Mixture-of-experts saves compute by activating only some experts per input — but those experts often live on different devices, so routing inputs to them and gathering results back means moving data across the system. That communication can become the new bottleneck, eating the savings the routing was supposed to deliver. Sparse encoding at that layer is about cutting the data moved.

Microsoft routes AI revenue through cloud and productivity segments with no technique-level economics disclosed, as always. The application is the granular record under the cost story: dated 2024, owned, aimed at the communication overhead of serving the increasingly standard MoE architecture.
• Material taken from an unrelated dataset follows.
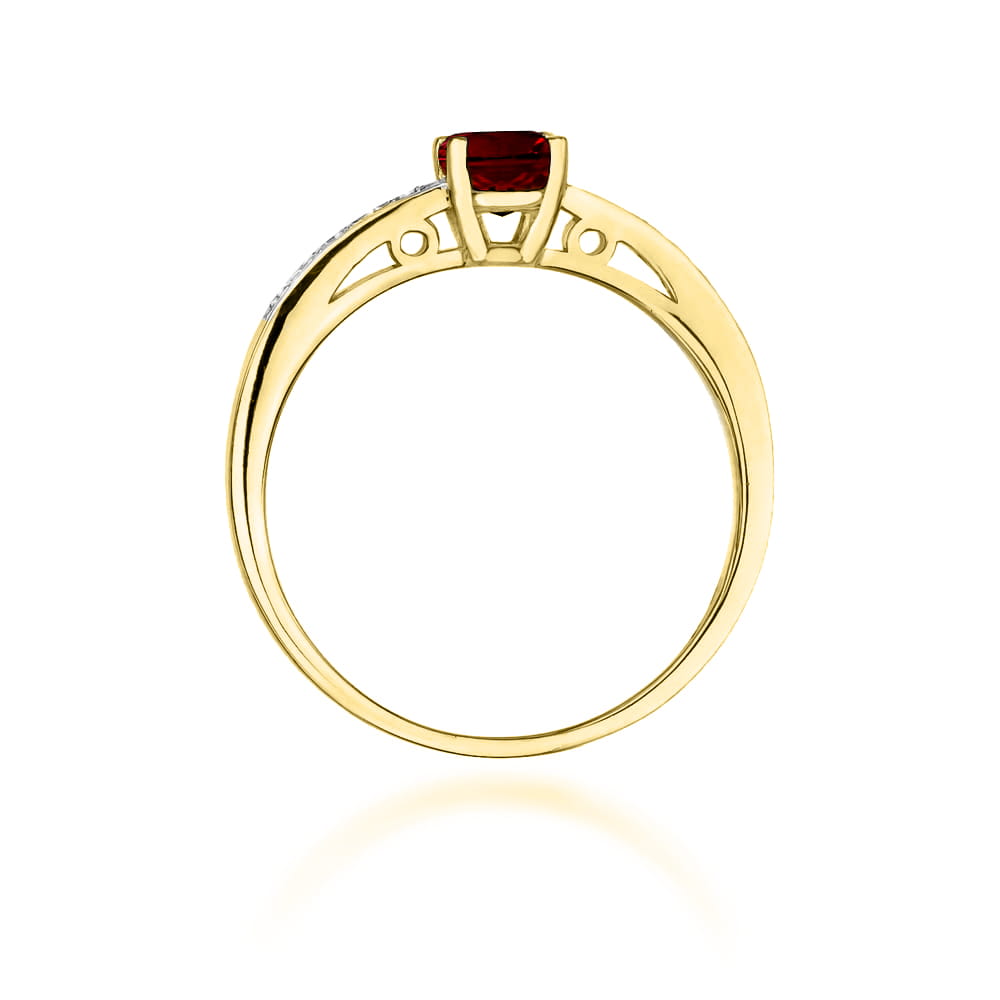 Pierścionek Granat 0,60ct żółte złoto 3 Pierścionek Granat 0,60ct żółte złoto - obrazek 3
Published is not granted — scope unsettled — and I attach no number; no filing isolates communication savings. What it documents is that Microsoft was patenting the less-obvious half of MoE efficiency in 2024: not the routing, but the cost of moving data through it.

For the infrastructure desk, the reusable lesson is that compute savings can be silently eaten by communication. The companies serving MoE models cheaply will be the ones that solved data movement, not just routing — and a dated patent on sparse MoE encoding is evidence Microsoft was working that exact corner.